Sally: Hmmm, I see that Betsy and Marcus have deluded themselves with this "we" ploy, but don't you think there might be some merit in chasing that ideal of love?

Aaron: You saw the merit of that approach tonight. It's impossible, and it's dangerous.

Sally: Maybe they just took it too far. That doesn't mean that romantic love doesn't exist for other married couples, does it?

Aaron: Well, sure it exists. It's a possibility. Most marriages have it to start, but it disappears with time.

Sally: It would be nice, though, if someone fought to recover that vanishing love.
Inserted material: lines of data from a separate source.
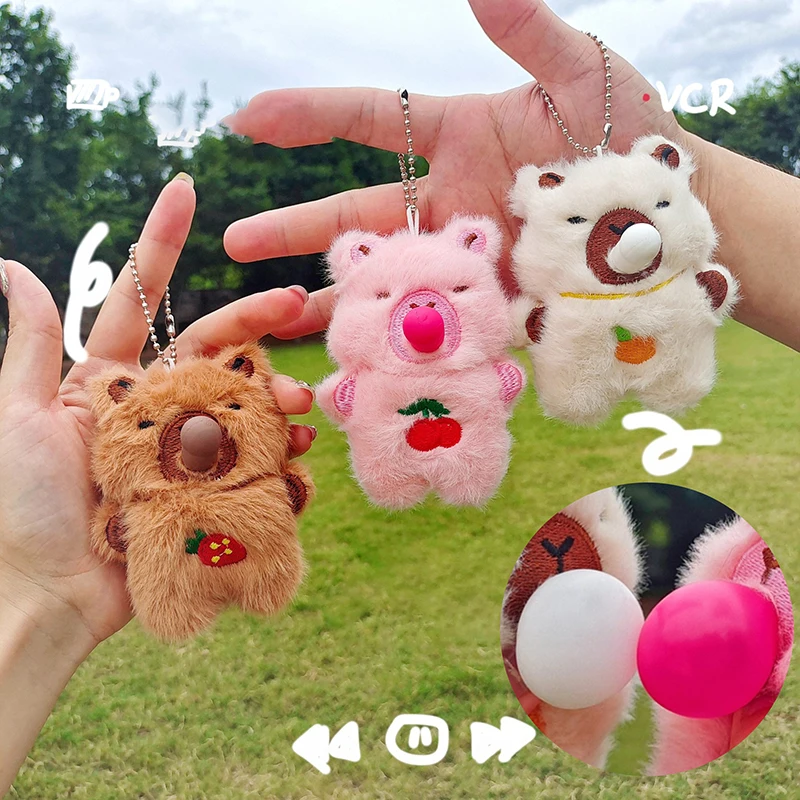 Squeeze Capybara Bubble Keychain Adult Children Creative Decompression Tool For Releasing Pressure Cute Animals Pendant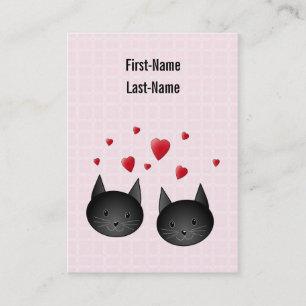 Tarjeta De Visita Gatos negros lindos con los corazones, en pálido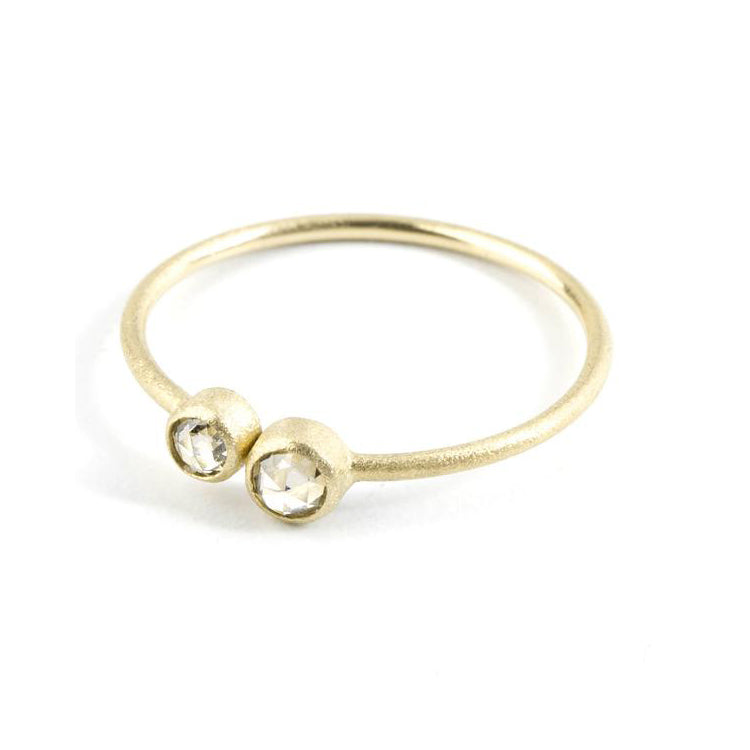 Double Bezel Set Champagne Diamond Ring, 14K Yellow Gold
Aaron: It might be nice, but... wait a second... you're not suddenly in favor of this sick, cinematic fantasy of endless romantic love, are you?

Sally: I just think that maybe it's something worth fighting for.

Aaron: I don't even believe it exists.

Sally: Maybe you don't need to.

Aaron: And I don't.

Sally: Maybe, it's not so important that you believe in it, or that I believe in it.

Aaron: And you don't either.

Sally: Maybe not. But maybe... maybe it's much more important that we believe in it.

Aaron: You do?

Sally: Yes. We do.

(Aaron pauses, he can tell there are unspoken dreams in Sally's tone with which he must not trifle)

Aaron: (contritely) Yes. Yes, of course.

(long pause)

Aaron & Sally: (both standing up) Time for bed.

(exit together as lights fade out)



bright said...

one of my favs!

Bleeet said...

Thanks, Bright.

I'm not sure who I sympathize with most in this play. I hate those marriages that seem to subsume the individual identities of the partners (what Aaron was focused on), but I also admire those marriages where there is that strong sense of "we"dentity as part of each identity (what Sally seems to be pining for). It's a narrow line between the two.

I like it when I can stump my own expectations with a play, because this one started out very differently in my head.

Also, I like the phrase "unexpected circus" - just came out of nowhere and seem to fit.